GOAL OF THE EXERCISE:
Repeat only the stretch of lines below that runs from the line with "Médico Estético en" through the line with "Photomicrographs of tissue", unaltered.
[[ MATERIAL FOR THIS TASK open ]]
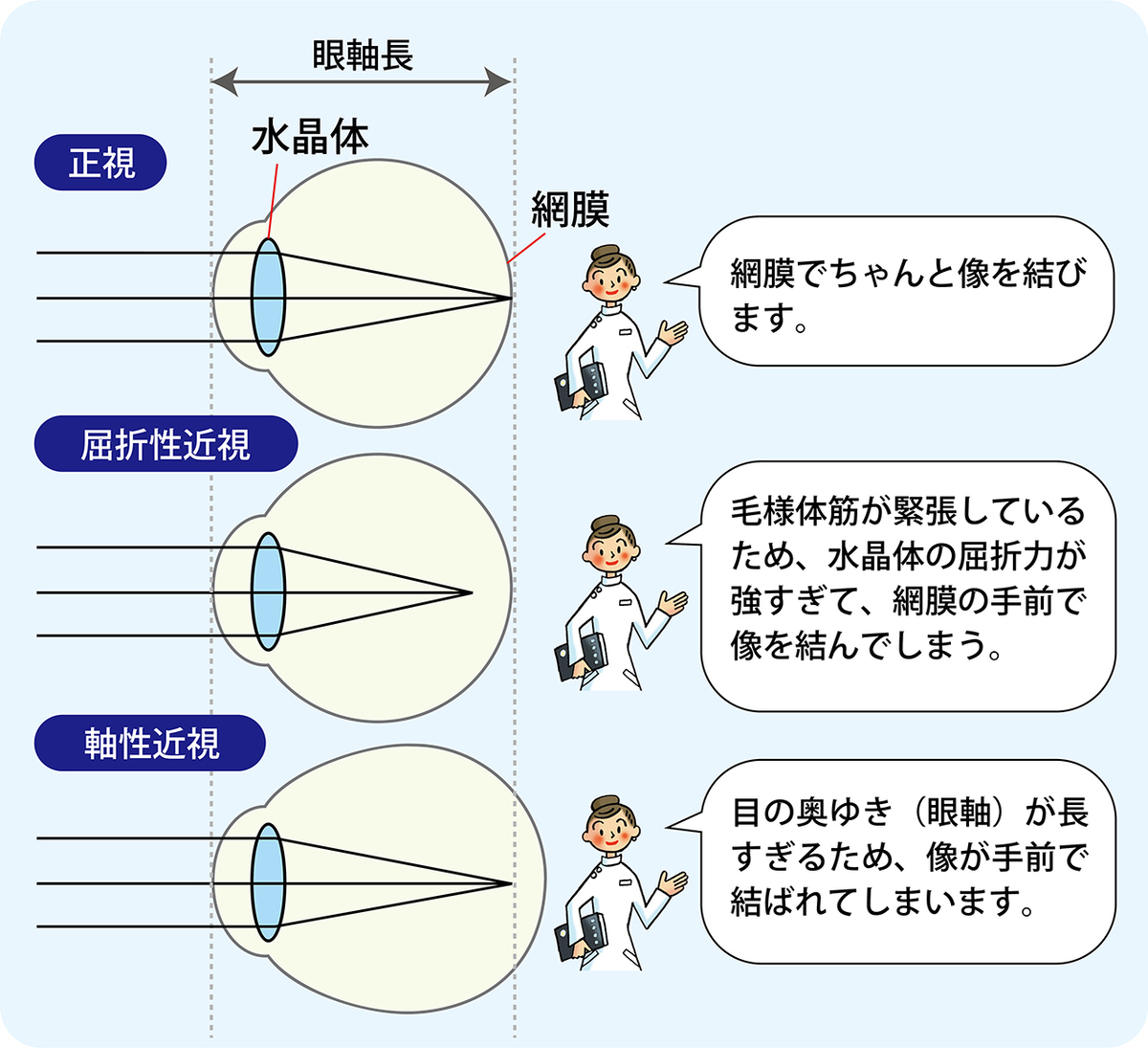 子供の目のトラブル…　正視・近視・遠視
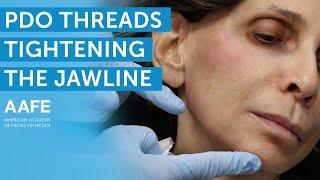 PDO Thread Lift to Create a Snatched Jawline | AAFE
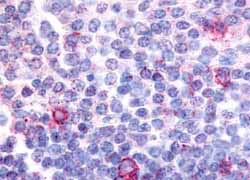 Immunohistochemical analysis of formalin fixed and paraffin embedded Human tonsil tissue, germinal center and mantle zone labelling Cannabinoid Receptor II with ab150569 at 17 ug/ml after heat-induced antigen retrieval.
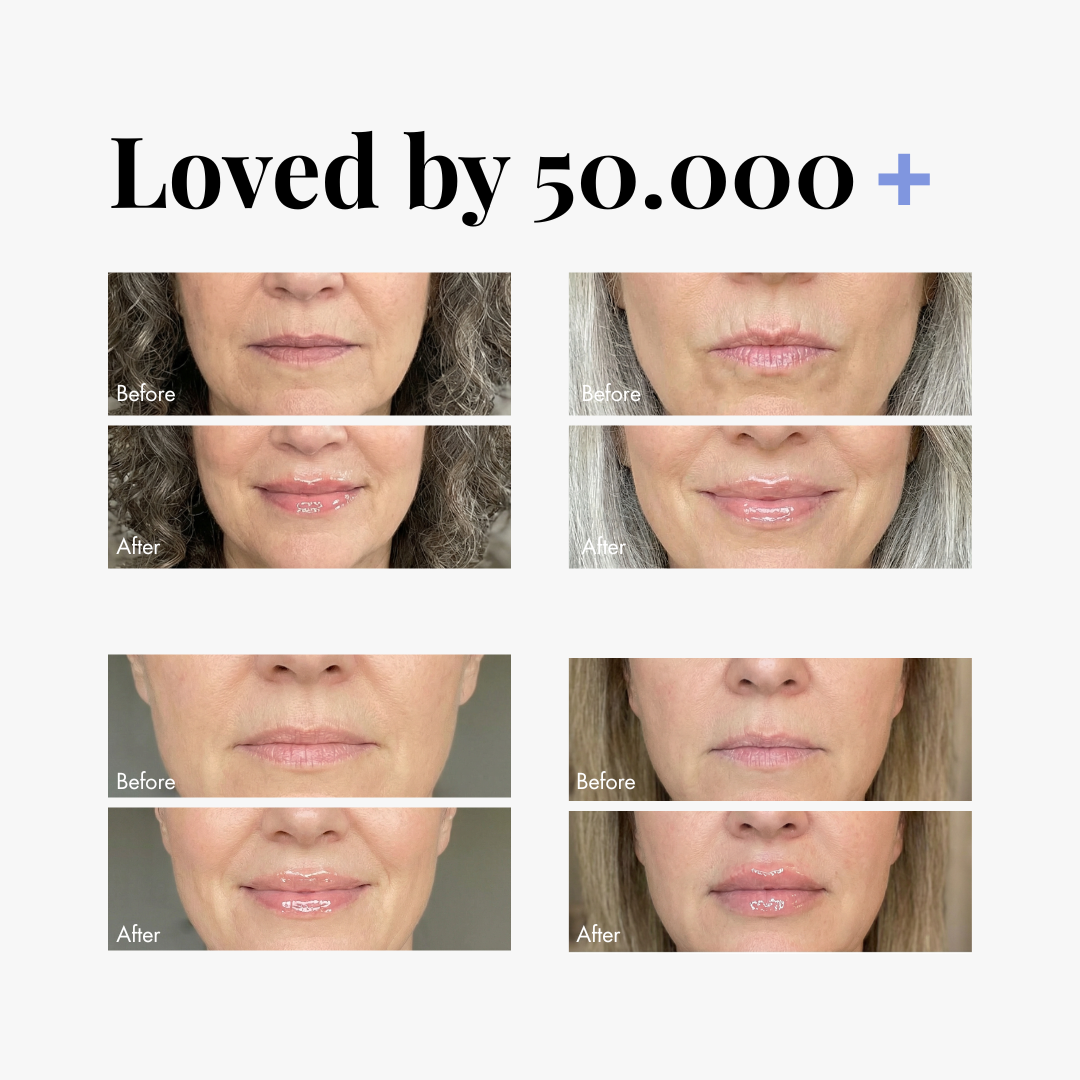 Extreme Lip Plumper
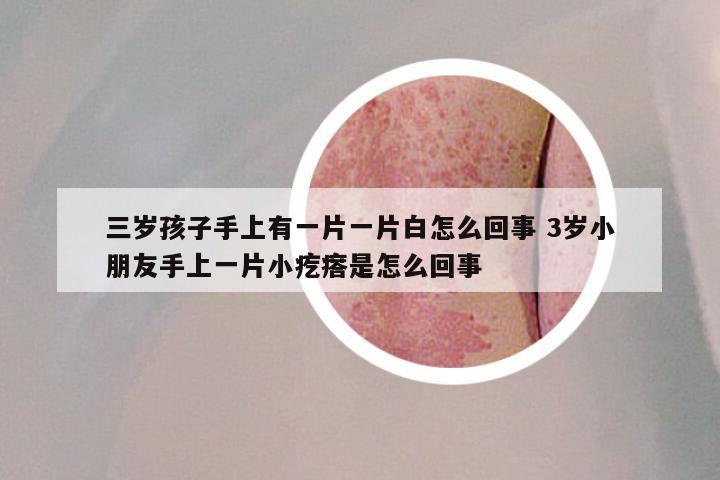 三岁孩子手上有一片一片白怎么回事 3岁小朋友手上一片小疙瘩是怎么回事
[[ MATERIAL FOR THIS TASK closed ]]
[[ MATERIAL FOR THIS TASK open ]]
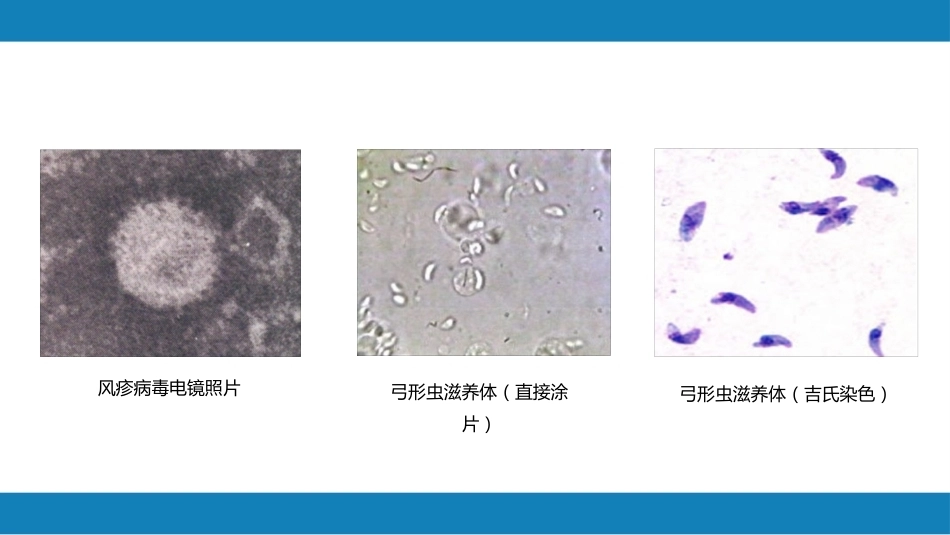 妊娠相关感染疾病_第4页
[[ MATERIAL FOR THIS TASK closed ]]
[[ MATERIAL FOR THIS TASK open ]]
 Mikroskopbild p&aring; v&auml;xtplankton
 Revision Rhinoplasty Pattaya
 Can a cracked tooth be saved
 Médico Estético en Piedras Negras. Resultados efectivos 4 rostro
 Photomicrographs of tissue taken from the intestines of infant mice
[[ MATERIAL FOR THIS TASK closed ]]
WRITTEN ANSWER:
 Médico Estético en Piedras Negras. Resultados efectivos 4 rostro
 Photomicrographs of tissue taken from the intestines of infant mice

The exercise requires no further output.